Friday, November 2, 2012

"Kitsch Sells" Reports Jeanne Lang Jones in the Puget Sound Business Journal Story on A Crowded Coop Who Just Announced Deal to Launch a Dickies Pet and Equestrian Line

From left, Mary Olson and Brandy Tanner, partners at Crowded Coop in Monroe, have a window between their offices so they can talk to each other while they work. Olson is holding a Blooming Bath, used when giving babies baths in the sink. Blooming Bath brought its product to Crowded Coop, which handles manufacturing as well as working on the packaging design and testing. Photo by Marcus Donner.
This article on Brandy Tanner and Mary Olson of A Crowded Coop takes a close look at how they've grown their business with a lot of laughs along the way.  With licensing deals with Valve Software (Crowded Coop makes a ton of cool Dota 2 and Portal 2 stuff) and now Dickies (these two women are leading the way in Dickies' new product categories for pets and horses), Olson and Tanner are two Washington women to watch.

The article reads in part, "Crowded Coop partners Mary Olson and Brandy Tanner create and sell a wide range of products — everything from kitschy ’70s-themed scratch ‘n sniff stickers to hoodies for gamers and, soon, pet products for working dogs.

A consumer product specialist firm, Crowded Coop develops products both under its own Kitsch on the Rocks label and as a licensee of other companies.
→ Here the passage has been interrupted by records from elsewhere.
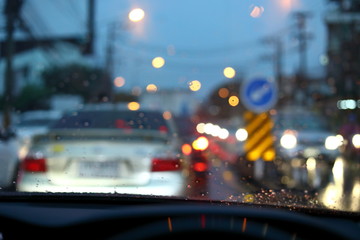 traffic jam on night road city with storm rainy day weather, car driving on street town with water rain drop on windshield outside of bad view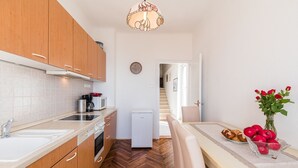 Una cocina moderna con armarios de madera, horno empotrado, microondas y cafetera. Hay un comedor con una mesa preparada para dos, un jarrón con flores rojas y un plato de manzanas.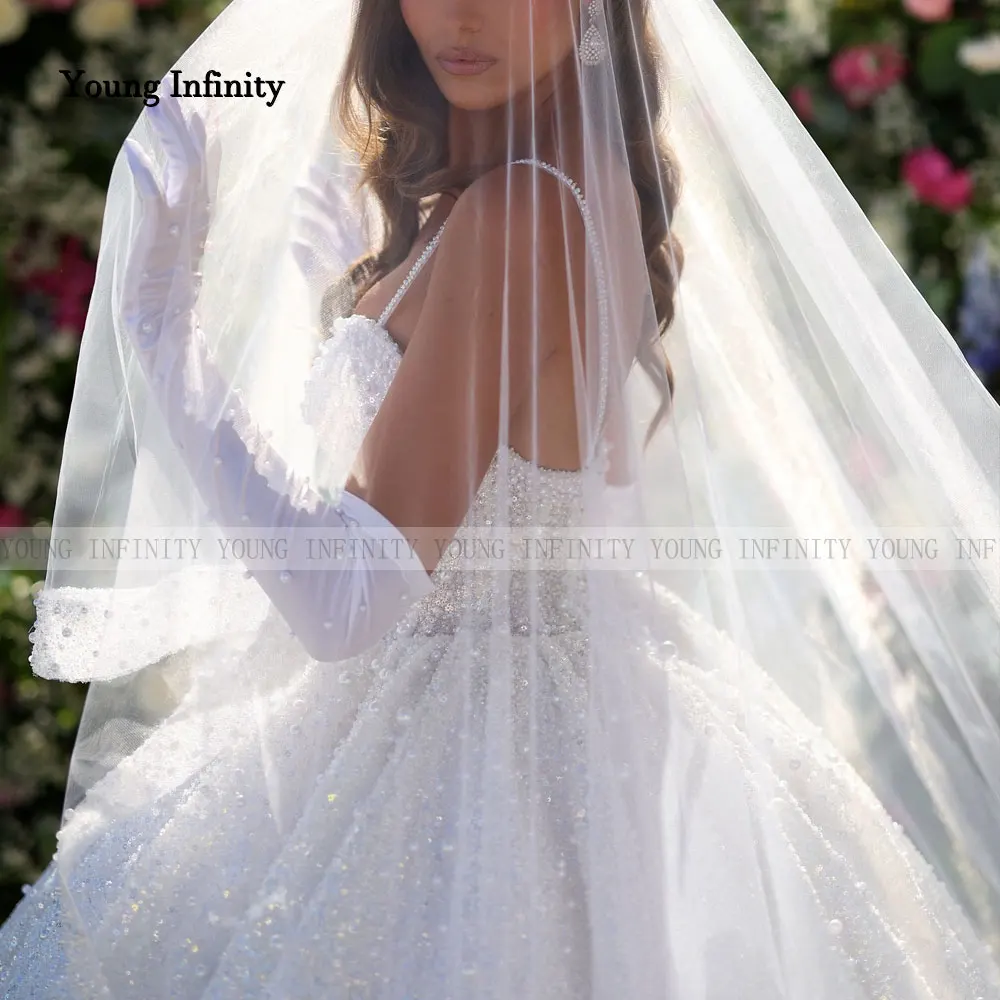 Vestidos de novia románticos 2025 vestido de novia tela brillante con cuentas ropa Formal de novia larga espagueti sin espalda cariño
Under their licensing agreements, Olson and Tanner create products and handle manufacturing and distribution for partner companies, paying a fee for use of the partner’s brand and intellectual property.

For example, Olson and Tanner have dreamed up dozens of products for Valve Software, a Kirkland gaming company. There are ... lunchboxes and messenger bags featuring characters from such games as “Steam” and “Team Fortress 2,” and a string of lights based on cubes used in “Portal,” another Valve game. Under its global license, Crowded Coop can sell Valve-branded products all over the world.
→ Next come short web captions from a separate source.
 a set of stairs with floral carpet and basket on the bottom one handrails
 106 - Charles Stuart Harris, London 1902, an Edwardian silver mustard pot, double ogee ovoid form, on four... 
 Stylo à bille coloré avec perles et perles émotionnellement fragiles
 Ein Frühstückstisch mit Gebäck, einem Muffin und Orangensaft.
“It’s a hard code to crack. How to make a product and get it on store shelves is a mystery to most people,” said Olson. “People have great ideas, but they don’t know how to execute them from a production standpoint.”

Olson and Tanner do. They met as colleagues in the consumer products division of a local company. Olson was in sales; Tanner was in graphic design. The two women enjoyed working together and felt they could strike a better balance between home and work if they stepped out on their own."

Thank you to Jeanne Lang Jones for the in-depth story on these creative leaders.